Weekend Strategy Review October 28, 2018
Posted by OMS at October 28th, 2018
The markets were down hard again on Friday. The Dow closed 296 points lower at 26,688. It was down 756 points for the week. The NADASQ was down 151 points on Friday and down 282 points for the week. Both indexes generated weekly VTI-volume Sell Signals joining the weekly Sell Signals on Europe, Australia, Asia, and Canada. Weekly VTI-volume Sell Signals are longer term signals, so until these signals turn positive, it’s likely global decline in equities will continue.
Several weeks ago, when the Dow was trading above 26,500, I said that the large cap index would likely drop to the 24,000 level once the Ending Diagonal Pattern was complete. Several students wrote me about this comment and said it could not happen, that their business was booming, sales and earnings were good. The American economy was growing. How could the stock market decline in this environment? Hmmm? Well this past week we saw once again how the equity markets do not reflect the current state of the economy. Even though most companies that reported earnings this past week were positive, the market fell. It’s just another reason why I don’t pay any attention to earnings. Earnings are what happened in the past quarter. They’re history. They’re practically useless in predicting what’s going to happen in the future. Watching earnings is like driving a car from the back seat, looking backwards. Yet all Fox New and CNBC do all day long is talk about earnings. It’s nonsense!
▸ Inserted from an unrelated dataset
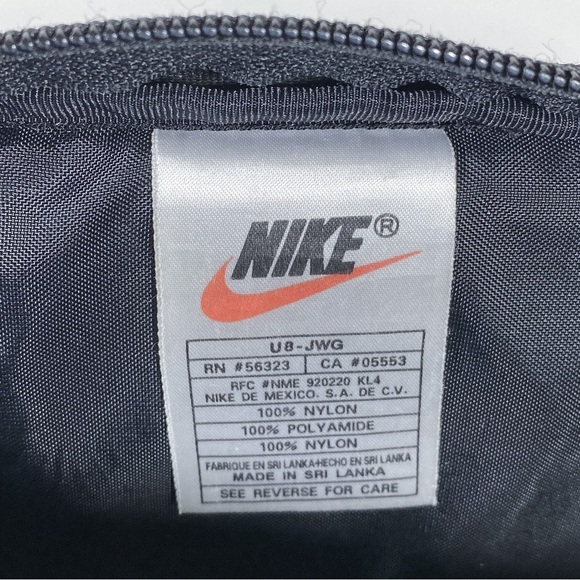 Vintage Nike ACG Waist Pack Large Fanny Bag Crossbody Wallet Strap Black Yellow - Picture 6 of 6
This is why we use patterns, indicators, and Lists to predict where the market will go. Patterns don’t lie. They’re formed by the daily up-down-up trading action of the market. There’s no opinion in a pattern. It’s simply there, waiting to unfold.
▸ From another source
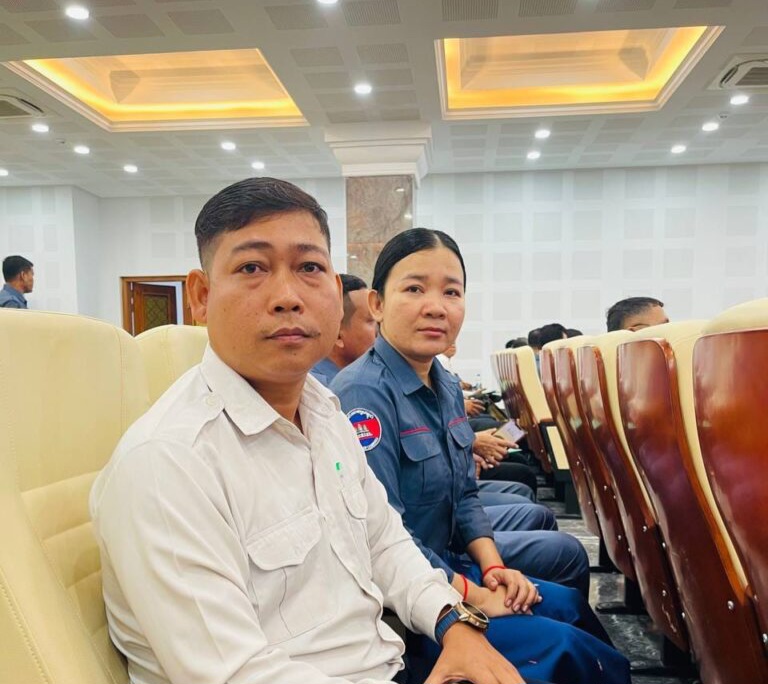 លោក ស៊ិន សុច័ន្ទ អនុប្រធានការិយាល័យរៀបចំដែនដី នគរូបនីយកម្ម សំណង់ និងភូមិបាលស្រុក ចូលរួមវគ្គបណ្តុះបណ្តាលផ្ទៃក្នុងកម្រិត១(វគ្គ៧)ស្តីពីការកសាងសមត្ថភាពមន្ត្រីរាជការ នៅទីស្តីការក្រសួងរៀបចំដែនដី នគរូបនីយកម្ម និងសំណង់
For the past few weeks, as the Dow was rising in the 5th wave of a Major Wave 5, we saw it develop an Ending Diagonal, also known as a Bearish Rising Wedge Pattern. The pattern is a termination pattern. It occurs at the end of a major move. The entire time the pattern was developing, I never once heard anyone on Fox or CNBC talk about the Ending Diagonal. All they wanted to do was talk about the FANG stocks and how they were going to the moon. Ending Diagonals? Are you nuts? People don’t watch Fox or CNBC to be told about Ending Diagonals or Bear markets. They want to hear how the Amazon they’re holding is going to 3,000. For these people, patterns and indicators don’t matter. They like to hear the cheerleaders, not the boring stuff of technical analysis. And because of this, they didn’t know that AMZN had formed a Three Highs to a Top Pattern and the DMI turned negative on 2 October. They didn’t know that the VTI-volume indicator on AMZN has been on a Sell Signal since 3 October (when the stock was at 1,953.) They don’t know that the 35-period CCI has been in the down Trend Mode since 5 October when the stock was at 1,953. So yesterday, with their stock closed at 1,643, they wondered what happened. Hmmm?
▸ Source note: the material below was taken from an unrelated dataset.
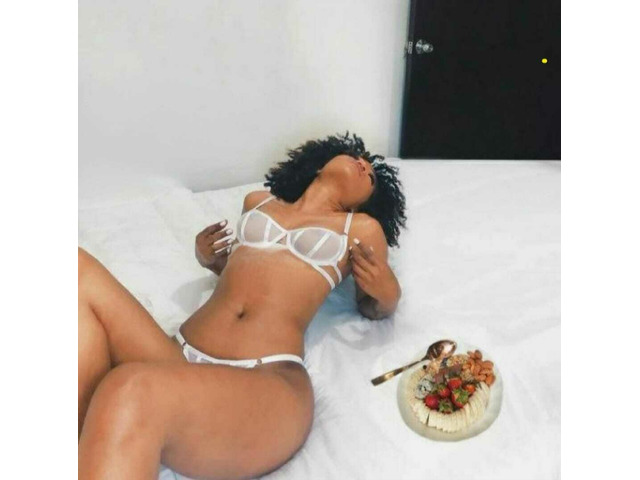Naomi Bomba caribeña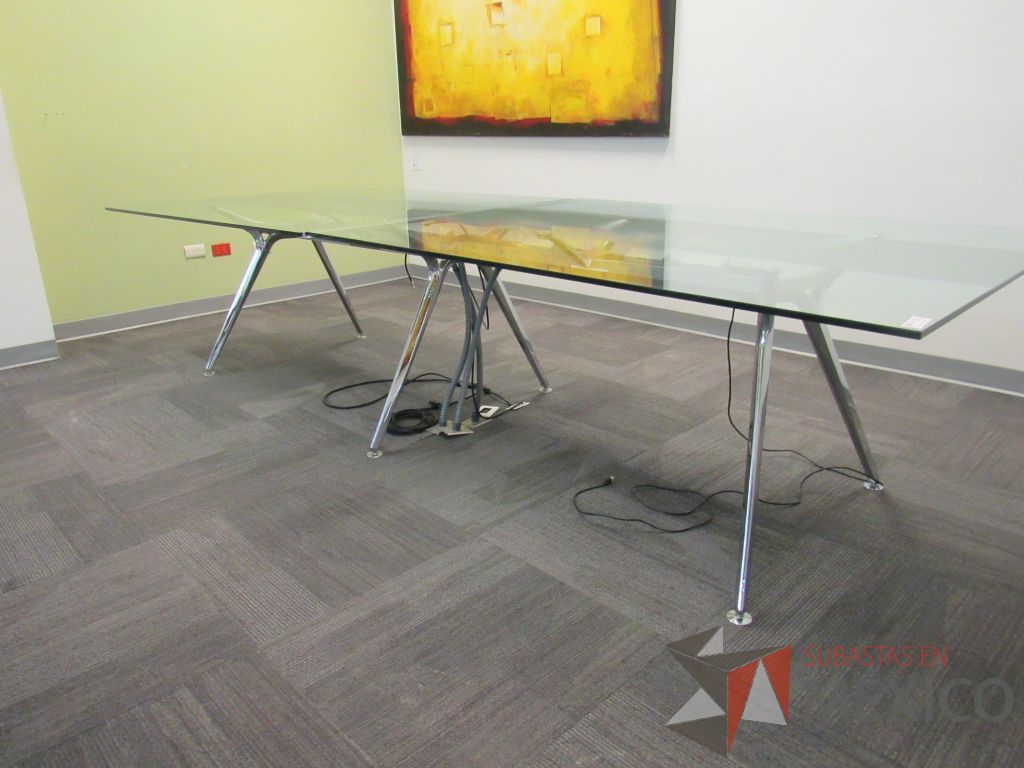 Lote 123 - Mesa de sala de juntas para 10 personas en 2 piezas con base metálica con cubierta de vidrio rectangular - Imagen 3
This weekend, all those people will still be wondering. They’ll spend a lot of time listening to the TV commentators for answers. They’ll buy and read the Wall Street Journal or a copy of the latest Forbes. Not one of them will look at the DMI. Not one of them will recognize the Ending Diagonal or the recent Head & Shoulders Pattern that kicked off the current decline. But you will. You took the Class. Congratulations!!!
Anyhow, looking at the pattern, even though the Dow closed at 24,688 on Friday, the pattern suggests we still have more downside to go. Like I said on Friday, once the Dow broke below the 15 August low of 24,965, there’s not a lot of support until it approaches the 24,000 level. Remember, we’re in an impulsive Wave 3 down now, so I wouldn’t look for a bottom until the Dow gets closer to that level. Also, I’m still not seeing any signs of major institutional buying and until the Big Boys step up to the plate, it’s going to be tough to check the down draft.
However, once the Dow nears 24,000, which is where the Ending Diagonal started, we need to watch for a bottom. It likely won’t be the real bottom, just the bottom of Wave 3 down. We’ll still need to develop Wave 4 up and Wave 5 down before Major Wave 1 of the new Bear Market is complete. The Dow will likely be trading well below 24,000 by then, probably closer to 23,500+/-. Again, this level was obtained from the H&S Pattern. When the Dow starts dropping again, you’ll understand why this is happening because you took the Class. You understand patterns and wave counts. The folks on Fox Business News and most of your friends will be still be wondering what happened.
The Sector Ratio remained at 0-24 negative after Friday’s session. No algorithm that drives the Ratio is NOT broken. It’s just confirming the fact that there are NO strong sectors in this market. Think back to 3 October, when the Sector Ratio gave its first neutral reading of 12-12 after being positive for months. MONTHS! Then on 4 October, the Ratio showed its first negative reading at 10-14 negative. It’s been negative ever since. Hmmm? Did any of the market commentators say anything about this? No. They didn’t have the Sector Ratio. You did.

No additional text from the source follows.